He utilized a bicycle fork to concoct a creature that he perched atop a replica of an oil rig.
If he lived in the larger town of Arapahoe, the librarians would have had to keep a close eye on him to make sure he didn't try to appropriate any of their vast array of cake pans that could be borrowed for baking.
It wasn't a Carnegie. There were only two Carnegies in the first two hundred miles on route 6 along the southern border of the state heading east from Colorado. The first was in McCook, which I've already reported on, and then Holdrege, before a tight cluster of six of them. Holdrege hardly counted as a Carnegie, as an addition in 1964 totally obliterated its character, actually knocking down its front facade and pair of pillars to extend the library out to the street.
A framed photograph inside honored what it had once been.
The librarians didn't seem distraught about the desecration of their library. Rather they were proud that a local had donated a million dollars for its expansion. Not only had the library been expanded to the front, but the rear as well.
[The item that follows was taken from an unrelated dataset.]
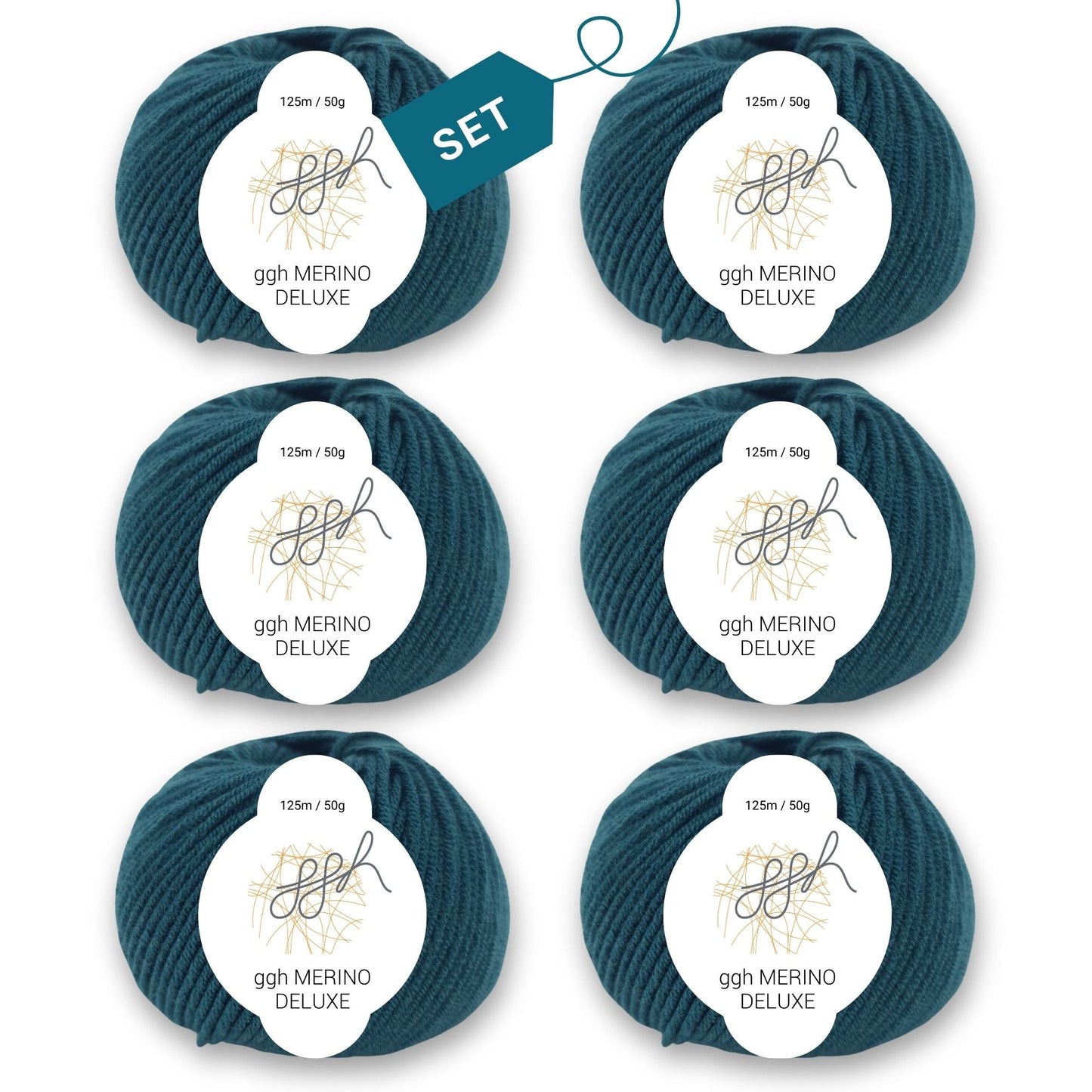 ggh Merino Deluxe - 300g Set (6x50g) - 017 - Jägergrün - Strickwolle - Handarbeiten - 7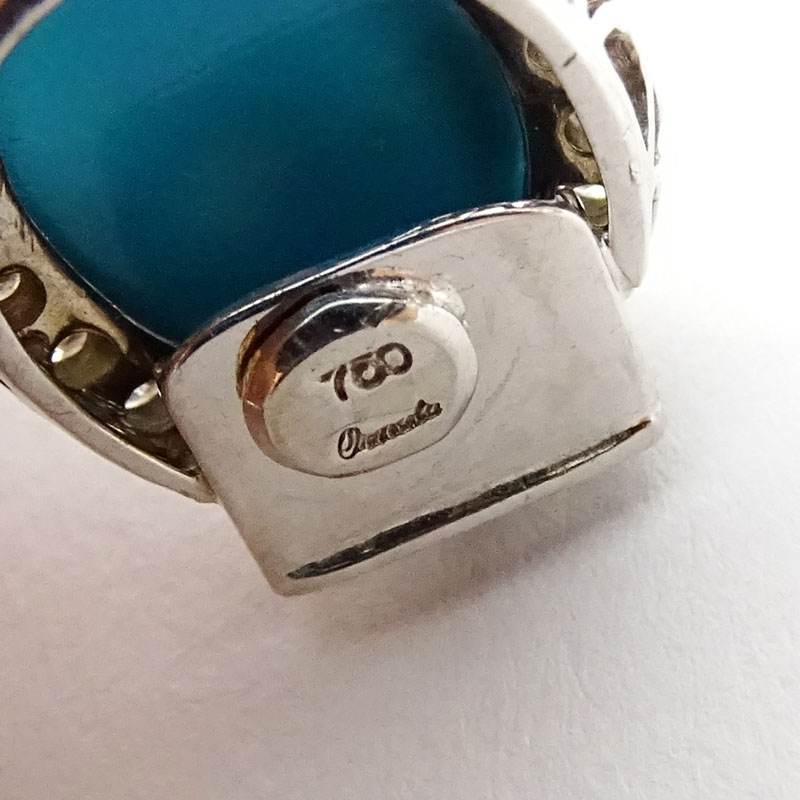 Exquisite Quality Approx. 51.0 Carat Round Brilliant and Marquise Cut Diamond, Cabochon Persian Turquoise and 18 Karat White Gold Suite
Before I left the librarian who had googled a route out of town for me to avoid some road construction wouldn't let me leave until I had seen a giant stuffed dragon in the children's section in the back that was over thirty years old. The woman who created it now lived in England but had returned a few years ago to restore it.
The most magnificent of the set of six Carnegies fifty miles up the road was in Hastings, a city large enough to have a Walmart. Unfortunately, it had been torn down years ago and replaced on the same site with just a library. Sutton, thirty miles further, was another of the eleven Carnegies of the sixty-nine built in Nebraska that had been demolished, a higher percentage than most states. Only seven states though had more Carnegies than Nebraska. It is one of the few states, along with Illinois and Indiana, that has had its Carnegies documented in a book--"A State of Readers--Nebraska's Carnegie Libraries," from 2005. It was on prominent display in the Clay Center Carnegie, a classic one-room library that had not been added on to. The librarian said the board had investigated the possibility, but didn't have the funds to do it.
It was a rare Nebraska town with about the same population, 861, as when the library was built in 1915. It was a pleasure to linger in the library, soaking up its century of satisying generations of the town's folk, reading about the state's Carnegies. Most noteworthy was learning that someone had written an appreciation of James Bertram, who oversaw Carnegie's library program. The American Library Associatin in Chicago has a copy of this book written in 1936. It will be the first book I'll seek out when I return to Chicago, even ahead of the recent biography of Luis Ocana, the 1973 winner of The Tour de France.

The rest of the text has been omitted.